As more and more governments, both here and abroad, start to implement cap-and-trade programs to reduce emissions of carbon dioxide (CO2), interest in emissions allowance auctions is growing. Several of the states involved in the Regional Greenhouse Gas Initiative (RGGI) plan to auction 100 percent of their allowances when the program takes effect in 2009. And the European Commission is now proposing that 100 percent of the CO2 allowances allocated to electricity generators be sold in an auction, starting in 2013, with a phase-in to 100 percent auctioning for other sectors by 2020. Auctioning is also a central component in the national cap-and-trade proposals currently before the U.S. Congress. The Lieberman-Warner Bill (S. 2191), the current leading contender, includes a provision to auction just over 25 percent of the allowances initially, ultimately growing to nearly 70 percent. Several other federal bills envision a similar increasing reliance on auctions over time.

Policymakers are seeking an approach that will achieve a number of policy objectives, including a competitive market with no collusion and good price discovery, an efficient allocation of emissions allowances, minimal interference with operation of the secondary allowance market, minimal price volatility, and low administrative and transaction costs. Maximizing revenue - a common goal in most government auctions of public assets, like drilling rights for oil - is not a priority here.

Given these diverse needs, what's the best approach to designing an auction? Research, including economic experiments conducted to guide the design of the RGGI allowance auction, suggests that the most effective design is a sealed-bid, uniform price auction where all winning bidders pay the first rejected bid. This way, auction participants who place a high value on allowances can feel free to bid their true value, knowing that they will only have to pay the highest rejected bid (the market-clearing price) for the allowances that they win. Uniform price auctions do a better job at tracking changes in market conditions and revealing the true market price. Simplicity also suggests that a one-round auction is preferable to a more complicated multi-round approach that is both time consuming and more susceptible to collusion.

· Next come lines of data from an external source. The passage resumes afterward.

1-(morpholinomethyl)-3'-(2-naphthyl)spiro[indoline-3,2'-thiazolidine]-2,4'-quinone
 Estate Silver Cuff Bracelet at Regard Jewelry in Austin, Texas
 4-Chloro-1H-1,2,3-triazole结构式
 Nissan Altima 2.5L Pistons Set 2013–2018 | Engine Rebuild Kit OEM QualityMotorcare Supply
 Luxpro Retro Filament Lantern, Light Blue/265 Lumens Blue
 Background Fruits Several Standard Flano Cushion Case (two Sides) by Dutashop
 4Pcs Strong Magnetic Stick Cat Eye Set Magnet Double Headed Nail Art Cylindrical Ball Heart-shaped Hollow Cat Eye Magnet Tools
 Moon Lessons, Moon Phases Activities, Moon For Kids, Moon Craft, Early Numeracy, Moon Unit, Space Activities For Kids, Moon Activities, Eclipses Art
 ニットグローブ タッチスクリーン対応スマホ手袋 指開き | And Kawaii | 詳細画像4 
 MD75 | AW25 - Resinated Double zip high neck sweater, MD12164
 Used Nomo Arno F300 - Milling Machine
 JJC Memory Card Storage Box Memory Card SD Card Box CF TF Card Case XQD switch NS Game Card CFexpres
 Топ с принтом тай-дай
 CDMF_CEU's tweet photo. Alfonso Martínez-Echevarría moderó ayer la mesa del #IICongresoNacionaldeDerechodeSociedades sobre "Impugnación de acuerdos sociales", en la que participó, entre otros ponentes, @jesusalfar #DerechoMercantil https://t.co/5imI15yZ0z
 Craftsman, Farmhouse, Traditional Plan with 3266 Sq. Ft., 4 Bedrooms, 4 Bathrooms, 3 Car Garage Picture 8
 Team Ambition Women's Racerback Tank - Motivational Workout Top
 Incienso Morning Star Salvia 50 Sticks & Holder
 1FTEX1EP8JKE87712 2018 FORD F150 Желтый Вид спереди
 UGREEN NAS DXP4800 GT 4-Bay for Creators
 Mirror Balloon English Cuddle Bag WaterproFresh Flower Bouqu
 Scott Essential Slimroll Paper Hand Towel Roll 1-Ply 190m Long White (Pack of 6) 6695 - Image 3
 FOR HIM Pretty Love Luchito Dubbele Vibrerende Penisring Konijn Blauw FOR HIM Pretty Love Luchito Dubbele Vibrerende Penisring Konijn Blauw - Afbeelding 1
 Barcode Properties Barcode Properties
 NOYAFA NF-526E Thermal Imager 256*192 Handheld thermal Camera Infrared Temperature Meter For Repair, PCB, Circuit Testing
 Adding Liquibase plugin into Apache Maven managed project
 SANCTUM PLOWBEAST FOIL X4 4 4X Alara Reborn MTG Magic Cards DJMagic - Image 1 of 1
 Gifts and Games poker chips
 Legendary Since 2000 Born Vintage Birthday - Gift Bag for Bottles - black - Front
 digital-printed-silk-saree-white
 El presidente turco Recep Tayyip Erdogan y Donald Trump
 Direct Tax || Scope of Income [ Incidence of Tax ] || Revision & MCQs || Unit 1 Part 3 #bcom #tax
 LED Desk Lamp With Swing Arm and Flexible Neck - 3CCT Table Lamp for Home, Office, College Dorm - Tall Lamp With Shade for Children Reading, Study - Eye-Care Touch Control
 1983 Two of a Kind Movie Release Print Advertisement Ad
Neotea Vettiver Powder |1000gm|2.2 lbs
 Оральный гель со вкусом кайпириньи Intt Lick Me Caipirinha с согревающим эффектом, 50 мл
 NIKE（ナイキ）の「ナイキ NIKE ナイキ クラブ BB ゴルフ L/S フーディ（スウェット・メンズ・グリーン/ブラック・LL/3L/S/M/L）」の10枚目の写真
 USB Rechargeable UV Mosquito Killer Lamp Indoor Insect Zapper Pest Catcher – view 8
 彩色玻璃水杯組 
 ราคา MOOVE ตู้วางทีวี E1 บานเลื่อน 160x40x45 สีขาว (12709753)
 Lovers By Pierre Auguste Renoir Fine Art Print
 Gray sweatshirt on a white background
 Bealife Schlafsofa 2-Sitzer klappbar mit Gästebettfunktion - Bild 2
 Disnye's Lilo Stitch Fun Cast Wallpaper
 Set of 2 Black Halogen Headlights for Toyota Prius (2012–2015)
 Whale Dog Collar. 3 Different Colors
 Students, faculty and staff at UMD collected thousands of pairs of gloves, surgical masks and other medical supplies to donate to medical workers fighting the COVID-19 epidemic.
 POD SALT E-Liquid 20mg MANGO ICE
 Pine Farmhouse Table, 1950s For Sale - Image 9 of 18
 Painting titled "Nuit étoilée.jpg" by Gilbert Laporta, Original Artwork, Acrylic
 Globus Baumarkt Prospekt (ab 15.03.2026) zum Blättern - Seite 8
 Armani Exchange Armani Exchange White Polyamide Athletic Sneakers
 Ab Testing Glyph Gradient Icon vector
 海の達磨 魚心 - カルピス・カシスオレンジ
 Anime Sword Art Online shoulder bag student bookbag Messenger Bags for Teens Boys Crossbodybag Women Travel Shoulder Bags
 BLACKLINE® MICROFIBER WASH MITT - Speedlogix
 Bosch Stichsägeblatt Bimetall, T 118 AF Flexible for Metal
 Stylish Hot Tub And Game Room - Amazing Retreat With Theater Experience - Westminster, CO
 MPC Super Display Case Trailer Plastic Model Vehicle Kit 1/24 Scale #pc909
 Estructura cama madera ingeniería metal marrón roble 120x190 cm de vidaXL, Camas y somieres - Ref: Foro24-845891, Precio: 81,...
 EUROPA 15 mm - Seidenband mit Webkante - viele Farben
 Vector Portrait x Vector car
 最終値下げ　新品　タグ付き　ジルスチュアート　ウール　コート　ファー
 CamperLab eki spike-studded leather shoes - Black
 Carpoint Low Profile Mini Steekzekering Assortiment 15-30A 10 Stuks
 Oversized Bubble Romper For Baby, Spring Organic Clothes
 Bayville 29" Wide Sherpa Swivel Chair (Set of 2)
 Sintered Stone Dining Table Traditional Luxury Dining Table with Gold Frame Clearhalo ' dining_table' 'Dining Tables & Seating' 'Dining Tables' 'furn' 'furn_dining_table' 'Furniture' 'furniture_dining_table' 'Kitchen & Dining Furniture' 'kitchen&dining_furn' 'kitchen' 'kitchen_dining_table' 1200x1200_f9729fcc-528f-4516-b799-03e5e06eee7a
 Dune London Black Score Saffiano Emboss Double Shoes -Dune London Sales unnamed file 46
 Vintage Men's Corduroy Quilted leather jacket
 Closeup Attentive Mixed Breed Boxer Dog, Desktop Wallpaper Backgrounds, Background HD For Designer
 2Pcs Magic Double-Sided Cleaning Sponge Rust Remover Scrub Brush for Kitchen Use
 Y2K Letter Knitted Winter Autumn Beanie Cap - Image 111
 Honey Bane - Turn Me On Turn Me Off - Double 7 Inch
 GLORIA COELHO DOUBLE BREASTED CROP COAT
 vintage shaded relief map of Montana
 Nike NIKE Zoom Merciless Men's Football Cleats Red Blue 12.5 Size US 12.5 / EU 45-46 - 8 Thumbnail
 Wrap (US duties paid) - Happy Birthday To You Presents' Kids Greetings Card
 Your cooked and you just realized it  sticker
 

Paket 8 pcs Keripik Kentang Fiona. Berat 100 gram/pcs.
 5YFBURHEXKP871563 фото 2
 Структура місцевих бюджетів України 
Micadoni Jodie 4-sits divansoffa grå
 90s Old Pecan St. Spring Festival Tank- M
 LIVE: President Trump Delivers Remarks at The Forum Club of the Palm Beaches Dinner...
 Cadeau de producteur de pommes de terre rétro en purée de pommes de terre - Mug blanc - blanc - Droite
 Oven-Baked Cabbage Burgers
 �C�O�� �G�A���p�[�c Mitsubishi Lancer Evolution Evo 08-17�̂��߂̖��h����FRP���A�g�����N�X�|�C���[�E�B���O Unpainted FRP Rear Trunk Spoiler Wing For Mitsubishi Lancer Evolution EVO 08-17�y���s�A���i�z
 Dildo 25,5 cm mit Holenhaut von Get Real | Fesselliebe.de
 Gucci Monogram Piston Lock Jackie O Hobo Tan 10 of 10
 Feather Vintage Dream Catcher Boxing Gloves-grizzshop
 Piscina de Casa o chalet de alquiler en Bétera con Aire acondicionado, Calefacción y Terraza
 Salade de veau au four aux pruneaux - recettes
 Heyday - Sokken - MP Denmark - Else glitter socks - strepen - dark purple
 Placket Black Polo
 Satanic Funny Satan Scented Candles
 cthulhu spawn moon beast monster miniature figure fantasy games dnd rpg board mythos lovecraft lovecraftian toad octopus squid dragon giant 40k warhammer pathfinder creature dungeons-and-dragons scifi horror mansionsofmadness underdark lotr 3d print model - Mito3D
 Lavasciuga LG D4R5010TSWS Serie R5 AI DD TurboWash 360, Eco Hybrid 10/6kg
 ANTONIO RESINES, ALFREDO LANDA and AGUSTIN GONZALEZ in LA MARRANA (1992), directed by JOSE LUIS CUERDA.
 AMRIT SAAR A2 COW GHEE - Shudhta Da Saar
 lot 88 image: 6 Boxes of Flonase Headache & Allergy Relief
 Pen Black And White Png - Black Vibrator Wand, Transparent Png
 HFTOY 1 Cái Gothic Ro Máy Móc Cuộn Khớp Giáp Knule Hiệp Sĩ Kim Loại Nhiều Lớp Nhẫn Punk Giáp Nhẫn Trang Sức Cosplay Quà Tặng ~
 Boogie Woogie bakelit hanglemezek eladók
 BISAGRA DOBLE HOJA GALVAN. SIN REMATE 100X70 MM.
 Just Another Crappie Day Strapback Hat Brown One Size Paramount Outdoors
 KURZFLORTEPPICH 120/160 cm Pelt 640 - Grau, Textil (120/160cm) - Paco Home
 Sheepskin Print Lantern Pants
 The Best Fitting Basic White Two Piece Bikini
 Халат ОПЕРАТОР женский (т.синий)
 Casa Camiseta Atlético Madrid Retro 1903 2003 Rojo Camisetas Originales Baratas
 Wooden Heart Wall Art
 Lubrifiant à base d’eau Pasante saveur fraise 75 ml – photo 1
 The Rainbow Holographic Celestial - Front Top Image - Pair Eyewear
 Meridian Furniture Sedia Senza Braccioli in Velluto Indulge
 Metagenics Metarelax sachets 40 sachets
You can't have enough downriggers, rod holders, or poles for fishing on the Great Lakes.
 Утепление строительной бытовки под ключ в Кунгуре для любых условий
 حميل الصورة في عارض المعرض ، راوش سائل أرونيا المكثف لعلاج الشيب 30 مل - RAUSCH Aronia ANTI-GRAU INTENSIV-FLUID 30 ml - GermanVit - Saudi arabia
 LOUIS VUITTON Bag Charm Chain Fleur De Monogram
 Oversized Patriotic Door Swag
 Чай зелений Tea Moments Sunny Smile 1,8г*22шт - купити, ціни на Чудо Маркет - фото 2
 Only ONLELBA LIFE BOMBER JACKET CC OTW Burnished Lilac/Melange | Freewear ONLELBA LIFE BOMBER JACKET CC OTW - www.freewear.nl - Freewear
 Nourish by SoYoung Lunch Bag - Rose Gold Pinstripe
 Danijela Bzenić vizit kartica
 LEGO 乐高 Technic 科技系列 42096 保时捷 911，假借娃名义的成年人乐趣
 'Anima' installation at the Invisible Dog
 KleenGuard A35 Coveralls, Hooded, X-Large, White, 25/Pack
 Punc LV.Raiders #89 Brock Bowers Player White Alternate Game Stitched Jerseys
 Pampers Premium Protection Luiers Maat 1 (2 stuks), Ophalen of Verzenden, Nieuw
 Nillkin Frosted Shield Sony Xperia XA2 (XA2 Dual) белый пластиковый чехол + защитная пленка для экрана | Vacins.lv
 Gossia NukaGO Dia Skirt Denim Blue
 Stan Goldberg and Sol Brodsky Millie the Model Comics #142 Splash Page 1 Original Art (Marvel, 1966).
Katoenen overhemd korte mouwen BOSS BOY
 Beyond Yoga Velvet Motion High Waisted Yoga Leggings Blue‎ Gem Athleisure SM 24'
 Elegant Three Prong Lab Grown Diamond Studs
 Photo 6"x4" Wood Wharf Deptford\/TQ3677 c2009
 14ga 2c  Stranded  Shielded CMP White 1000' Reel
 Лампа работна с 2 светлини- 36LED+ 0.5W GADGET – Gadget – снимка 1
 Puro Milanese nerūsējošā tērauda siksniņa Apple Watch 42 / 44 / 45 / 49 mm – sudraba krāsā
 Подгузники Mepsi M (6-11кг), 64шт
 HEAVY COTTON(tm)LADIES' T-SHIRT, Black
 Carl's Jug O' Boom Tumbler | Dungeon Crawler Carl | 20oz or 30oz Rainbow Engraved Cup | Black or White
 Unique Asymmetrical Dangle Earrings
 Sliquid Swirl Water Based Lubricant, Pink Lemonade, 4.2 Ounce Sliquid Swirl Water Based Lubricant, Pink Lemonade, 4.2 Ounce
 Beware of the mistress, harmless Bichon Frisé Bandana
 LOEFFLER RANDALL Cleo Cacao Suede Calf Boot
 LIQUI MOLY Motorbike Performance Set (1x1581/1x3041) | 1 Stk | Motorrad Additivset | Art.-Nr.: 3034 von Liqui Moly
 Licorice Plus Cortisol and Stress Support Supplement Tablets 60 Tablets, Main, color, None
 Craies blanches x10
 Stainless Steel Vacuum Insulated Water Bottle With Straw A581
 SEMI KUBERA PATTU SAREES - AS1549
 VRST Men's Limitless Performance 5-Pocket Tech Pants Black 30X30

However, this approach could yield inconsistent prices. If allowances from more than one year are auctioned at the same time, the price of the later vintage (for example, 2010) could potentially exceed the price of the earlier one (2009). (The vintage of an allowance defines the first year or time period when it can be used for compliance with the emissions cap.) One possible solution is a combined vintage auction, based on the idea that allowances are bankable and that a bid for a later vintage should be treated as a request to purchase either that vintage or an earlier one, whichever is less expensive.

Allowance auctions should be held frequently enough to maintain liquidity in the allowance market, but not so often as to raise administrative and transaction costs unnecessarily. Having large infrequent auctions could pose a financial challenge to firms that need to acquire large quantities of allowances at each auction and consequently must put up substantial amounts of capital to participate. Such auctions also could disrupt secondary market trading because large quantities of allowances would be introduced at the time of the auction.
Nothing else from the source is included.